## What this task involves:
Transcribe the entries exactly. Start at the top, stop after the line with "幼小衔接数学视频课合集下载", and omit every picture.

## Data supplied:
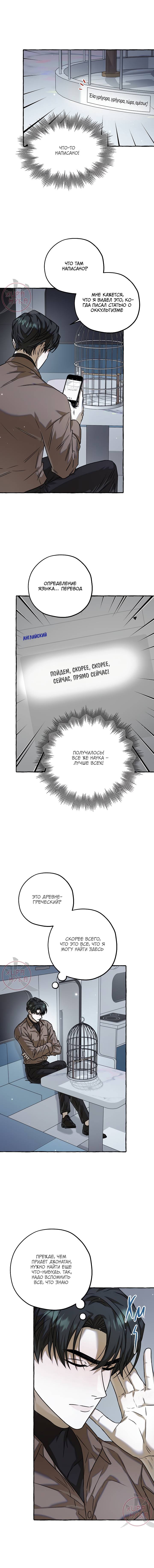 Манга Оккультная комедия! - Глава 26 Страница 2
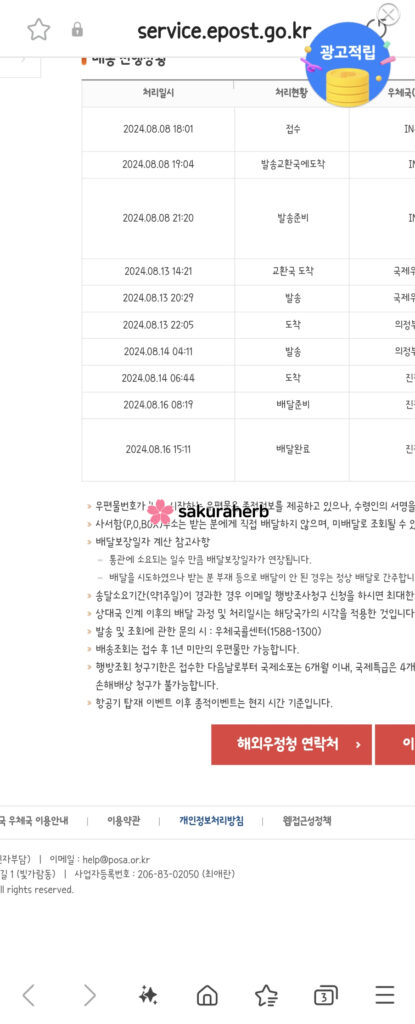 ${review_item.post_title}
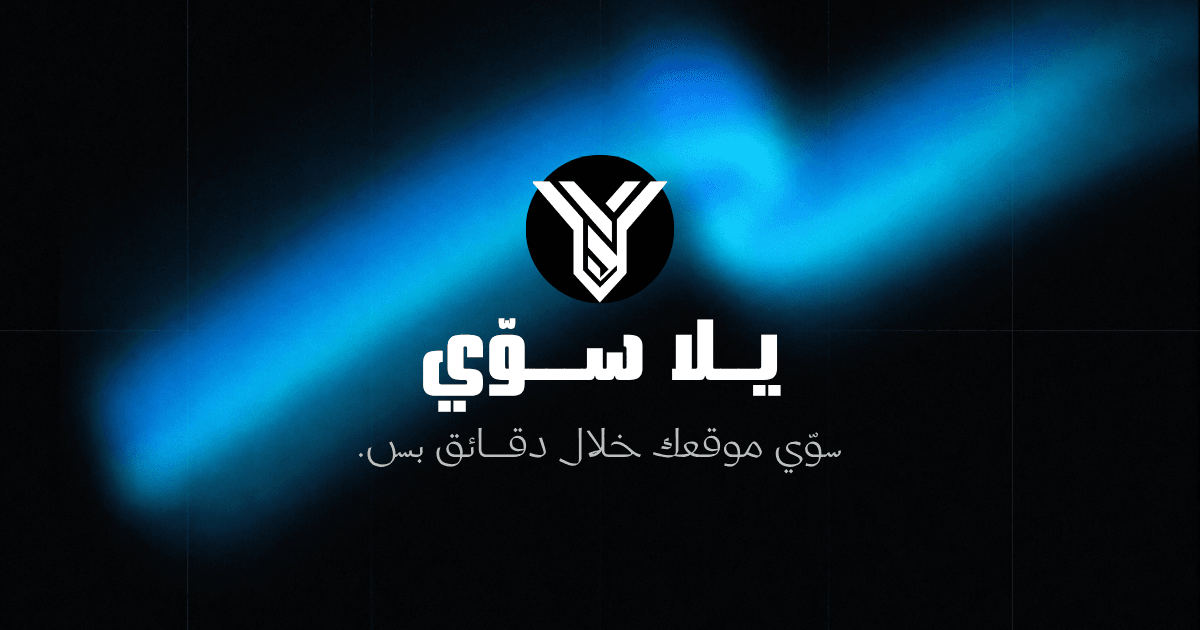 Yalla Sawi (يلا سوّي) logo with the tagline “سوّي موقعك خلال دقائق بس” — Arabic AI website builder by Quibyx LLC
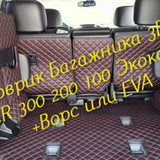 4232afaa06da43d7082af060da27682b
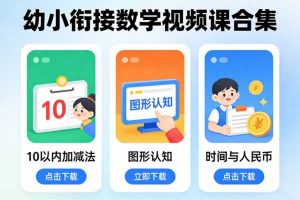 幼小衔接数学视频课合集下载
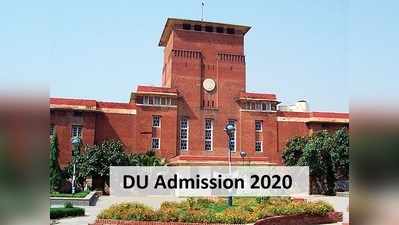 DU admission 2020: कब से होंगे रजिस्ट्रेशन, कैसी होगी एडमिशन प्रक्रिया, जानें सबकुछ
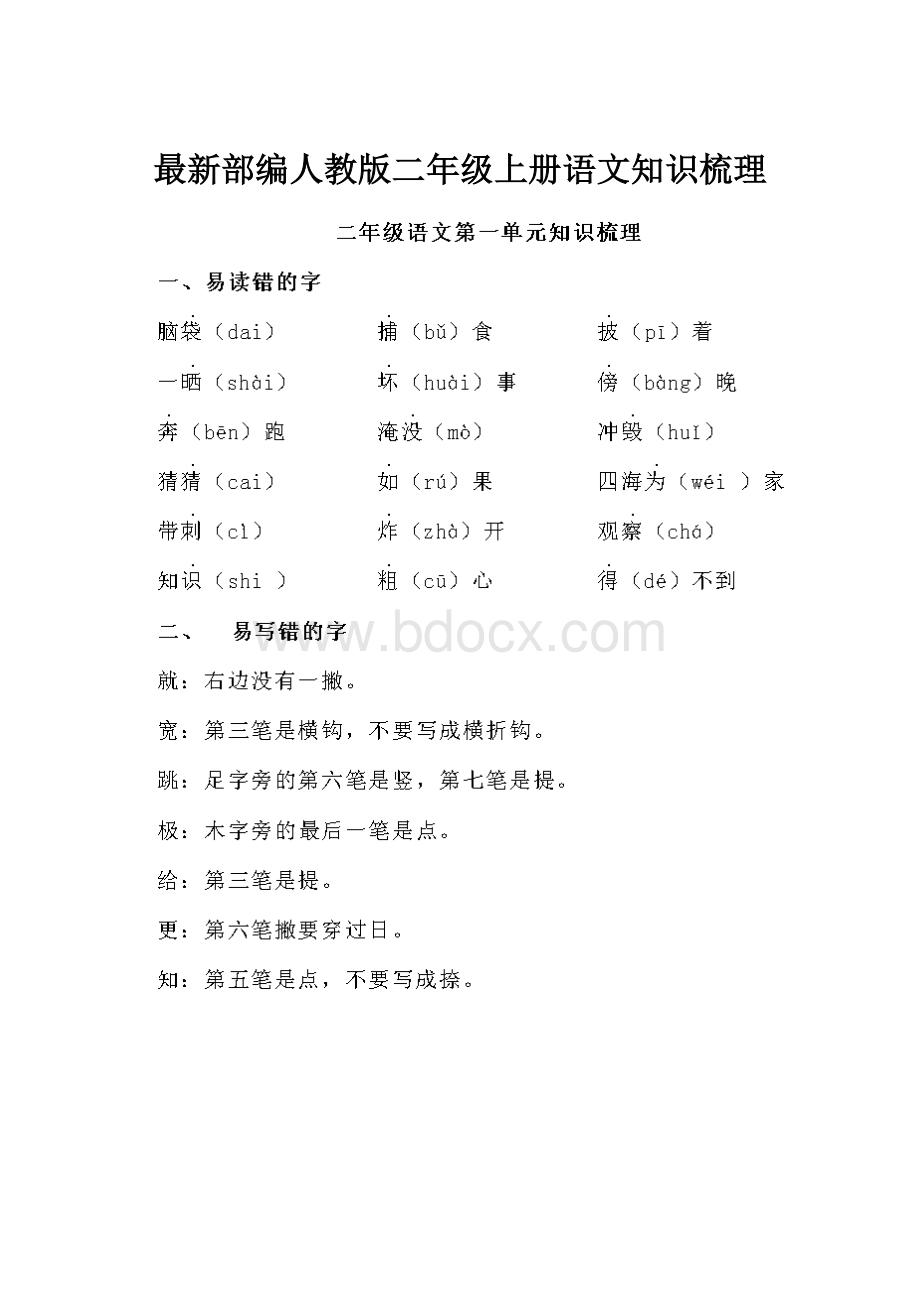 最新部编人教版二年级上册语文知识梳理.docx_第1页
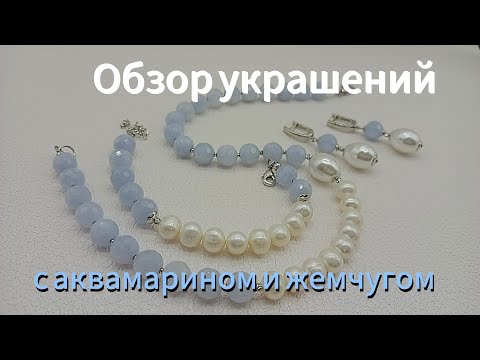 Видео: Гарнитур,,Мармарис,, с аквамарином и жемчугом.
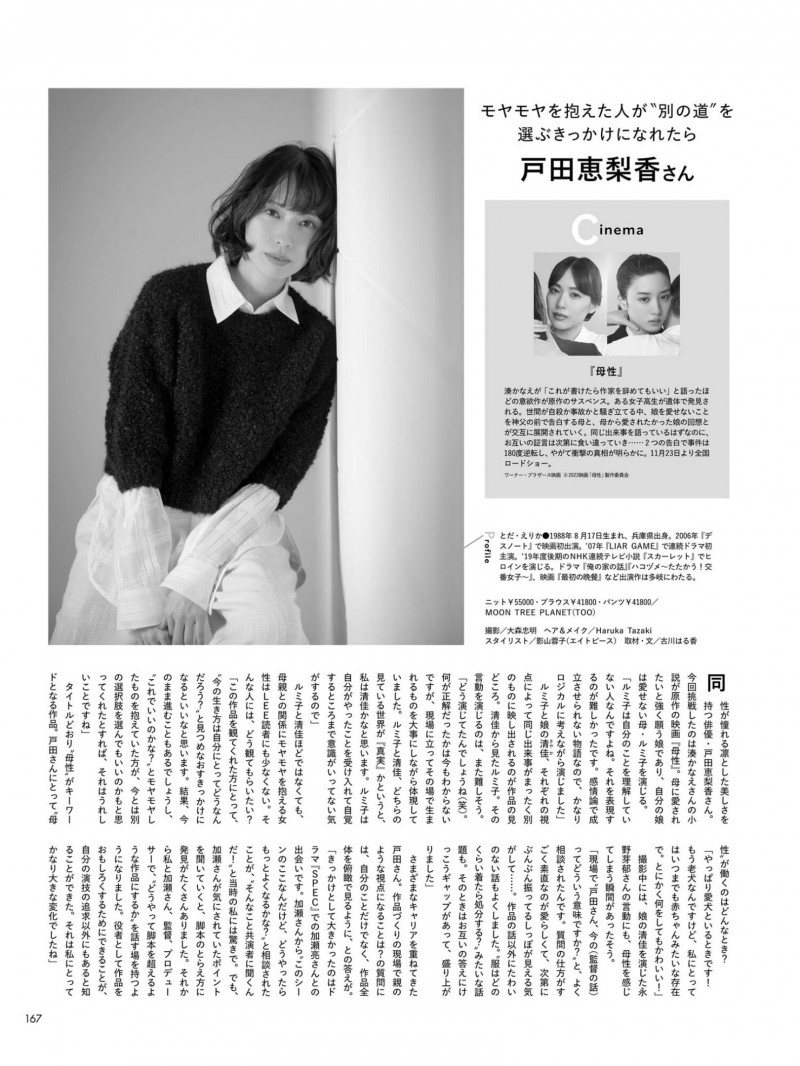 户田惠梨香 LEE (リー) 2022年12月号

## Solved exercise:
 Манга Оккультная комедия! - Глава 26 Страница 2
 ${review_item.post_title}
 Yalla Sawi (يلا سوّي) logo with the tagline “سوّي موقعك خلال دقائق بس” — Arabic AI website builder by Quibyx LLC
 4232afaa06da43d7082af060da27682b
 幼小衔接数学视频课合集下载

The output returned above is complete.